With a home in that pric range, if the 10% per year continues, the equity can be a lot of money upwards of over $80K before closing costs. With that type of profit I think one can be flexible IF the seller is willing to assume some of the risks also.
I would make sure MY profit was figured into the deal first. I would base my buying price on a fixed price and then offer the seller an "equity split " AFTER I get my profit. But I would only offer the split on the second or third year.
Lets say (just for numbers sake) you are to buy at $250K after one year, and you sell at $280K. I would make ALL the first years profit my own.
On the second year you structure your contract to say you buy at $250K + a split of the profit after you make yours (i.e. your buyers price that year is $310K, you buy for $250K…$310K - $250K = $60K. "OK Mr Seller, I get the first $40K and we “equity split” the other $20K 50/50…end result you get $50K the seller gets his $250K + $10 for his half of the $20K = $260K)
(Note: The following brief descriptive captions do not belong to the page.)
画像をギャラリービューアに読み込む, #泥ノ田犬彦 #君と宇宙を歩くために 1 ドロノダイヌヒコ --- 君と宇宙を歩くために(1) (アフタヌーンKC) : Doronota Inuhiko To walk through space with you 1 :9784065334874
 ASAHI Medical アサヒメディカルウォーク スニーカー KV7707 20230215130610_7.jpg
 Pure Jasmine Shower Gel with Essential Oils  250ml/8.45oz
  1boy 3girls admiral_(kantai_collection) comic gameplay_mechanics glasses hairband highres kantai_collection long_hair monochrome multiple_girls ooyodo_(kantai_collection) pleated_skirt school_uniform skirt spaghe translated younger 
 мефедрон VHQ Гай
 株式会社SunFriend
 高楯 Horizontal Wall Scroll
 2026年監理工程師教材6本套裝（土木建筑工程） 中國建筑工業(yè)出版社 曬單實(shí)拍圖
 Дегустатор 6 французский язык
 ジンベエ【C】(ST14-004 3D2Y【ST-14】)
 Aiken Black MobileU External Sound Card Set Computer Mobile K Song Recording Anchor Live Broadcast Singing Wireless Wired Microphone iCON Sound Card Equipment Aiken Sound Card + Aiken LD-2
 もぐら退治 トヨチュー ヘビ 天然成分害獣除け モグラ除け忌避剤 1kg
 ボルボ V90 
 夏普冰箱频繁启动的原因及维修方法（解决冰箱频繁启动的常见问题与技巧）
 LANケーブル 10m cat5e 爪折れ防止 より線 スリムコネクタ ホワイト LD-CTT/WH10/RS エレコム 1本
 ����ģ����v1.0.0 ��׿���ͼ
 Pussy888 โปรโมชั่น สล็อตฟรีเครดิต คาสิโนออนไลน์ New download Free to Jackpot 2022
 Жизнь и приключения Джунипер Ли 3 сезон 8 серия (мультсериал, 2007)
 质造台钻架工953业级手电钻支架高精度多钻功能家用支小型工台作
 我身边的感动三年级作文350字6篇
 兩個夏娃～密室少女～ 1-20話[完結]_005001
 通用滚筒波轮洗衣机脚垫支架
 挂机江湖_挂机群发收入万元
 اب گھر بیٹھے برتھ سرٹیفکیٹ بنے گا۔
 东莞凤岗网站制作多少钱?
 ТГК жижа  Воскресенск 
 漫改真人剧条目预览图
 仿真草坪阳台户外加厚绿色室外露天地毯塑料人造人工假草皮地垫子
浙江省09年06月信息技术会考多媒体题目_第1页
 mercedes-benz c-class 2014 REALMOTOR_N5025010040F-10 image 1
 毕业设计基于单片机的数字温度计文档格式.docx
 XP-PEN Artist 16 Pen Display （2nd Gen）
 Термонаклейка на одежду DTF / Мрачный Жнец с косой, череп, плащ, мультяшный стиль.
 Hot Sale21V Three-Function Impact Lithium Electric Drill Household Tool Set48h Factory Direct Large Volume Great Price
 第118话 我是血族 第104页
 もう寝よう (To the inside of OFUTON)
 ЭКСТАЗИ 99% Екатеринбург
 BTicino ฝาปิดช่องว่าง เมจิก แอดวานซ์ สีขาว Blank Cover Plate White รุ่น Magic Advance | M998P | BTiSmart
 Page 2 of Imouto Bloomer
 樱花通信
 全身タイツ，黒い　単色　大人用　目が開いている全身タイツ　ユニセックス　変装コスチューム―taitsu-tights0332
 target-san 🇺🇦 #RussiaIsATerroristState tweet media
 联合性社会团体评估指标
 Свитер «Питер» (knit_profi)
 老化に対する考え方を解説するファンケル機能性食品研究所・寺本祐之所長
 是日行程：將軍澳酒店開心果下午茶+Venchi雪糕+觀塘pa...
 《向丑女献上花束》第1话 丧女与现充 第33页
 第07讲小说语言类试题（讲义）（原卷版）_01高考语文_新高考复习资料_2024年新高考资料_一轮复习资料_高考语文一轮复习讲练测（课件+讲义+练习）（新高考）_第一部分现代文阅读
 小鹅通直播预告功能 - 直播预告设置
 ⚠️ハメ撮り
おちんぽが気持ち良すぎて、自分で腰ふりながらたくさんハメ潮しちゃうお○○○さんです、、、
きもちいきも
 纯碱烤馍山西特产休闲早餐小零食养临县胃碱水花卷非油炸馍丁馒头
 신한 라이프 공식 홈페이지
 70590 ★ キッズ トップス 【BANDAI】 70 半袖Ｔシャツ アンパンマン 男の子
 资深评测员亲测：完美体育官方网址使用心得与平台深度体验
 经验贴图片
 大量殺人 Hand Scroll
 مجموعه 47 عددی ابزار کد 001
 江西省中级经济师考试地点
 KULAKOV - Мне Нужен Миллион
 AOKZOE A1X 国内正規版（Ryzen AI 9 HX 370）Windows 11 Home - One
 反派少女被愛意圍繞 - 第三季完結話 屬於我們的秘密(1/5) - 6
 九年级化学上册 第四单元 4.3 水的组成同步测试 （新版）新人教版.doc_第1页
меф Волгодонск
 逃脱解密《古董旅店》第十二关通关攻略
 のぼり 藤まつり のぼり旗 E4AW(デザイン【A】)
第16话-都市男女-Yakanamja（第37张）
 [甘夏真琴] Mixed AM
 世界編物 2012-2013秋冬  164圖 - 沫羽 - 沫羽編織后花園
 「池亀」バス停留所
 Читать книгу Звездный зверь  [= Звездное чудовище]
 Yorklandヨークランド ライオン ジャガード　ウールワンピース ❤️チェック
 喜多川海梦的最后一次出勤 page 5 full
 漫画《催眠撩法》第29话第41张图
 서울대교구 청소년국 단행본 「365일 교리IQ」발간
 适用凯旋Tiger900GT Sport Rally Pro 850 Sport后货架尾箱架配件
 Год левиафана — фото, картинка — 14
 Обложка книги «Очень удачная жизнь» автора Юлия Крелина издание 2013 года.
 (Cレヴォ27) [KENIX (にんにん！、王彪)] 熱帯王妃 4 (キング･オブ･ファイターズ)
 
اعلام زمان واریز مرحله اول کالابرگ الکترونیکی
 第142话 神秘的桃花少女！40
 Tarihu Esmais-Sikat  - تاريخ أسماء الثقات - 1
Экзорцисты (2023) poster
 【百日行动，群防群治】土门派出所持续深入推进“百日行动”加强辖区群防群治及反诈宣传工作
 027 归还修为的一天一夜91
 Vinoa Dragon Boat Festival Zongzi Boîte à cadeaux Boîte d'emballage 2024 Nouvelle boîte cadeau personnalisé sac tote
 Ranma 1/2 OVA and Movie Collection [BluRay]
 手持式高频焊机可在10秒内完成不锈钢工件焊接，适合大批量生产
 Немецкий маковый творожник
Then figure the third year the same way just adjust the numbers.
Also, this situation would be contingent on the continuation of the appreciation. If you want to get real nitty gritty start basing the buying prices on the rate of appreciation and sell on a price “based on appreciation but at least a solid figure”
NOW…any good negotiator knows when a seller makes a request of you, they MUST give something in return. I would attempt to push the burden of some of the risk onto the seller by making it contingent on finding a T/B or something. Also you might ask for a lower monthly payment if they have any room to work in that area.
So, as you can see, there is 1001 different ways to work the deal, but manageing the risk is number one. Make the seller bear some also, he can’t get everything he wants, if he does he’s unmotivated and you should move on.
I’d tend to get a little flexible on the equity split if the seller woould flex on the monthly. Give me my profit now and we’ll structure the deal so your profit fits into the “MAYBE” catagory.
It’s just a situation that shows, not one contract will fit every single situation and you need to be savy enough to word yours so you can be a little flexible in your deals. It’s just a numbers game where you have to learn to put your thoughts on a paper that binds it all together.
Hope this isn’t TOO complicated, and I hope I expressed myself so you can understand.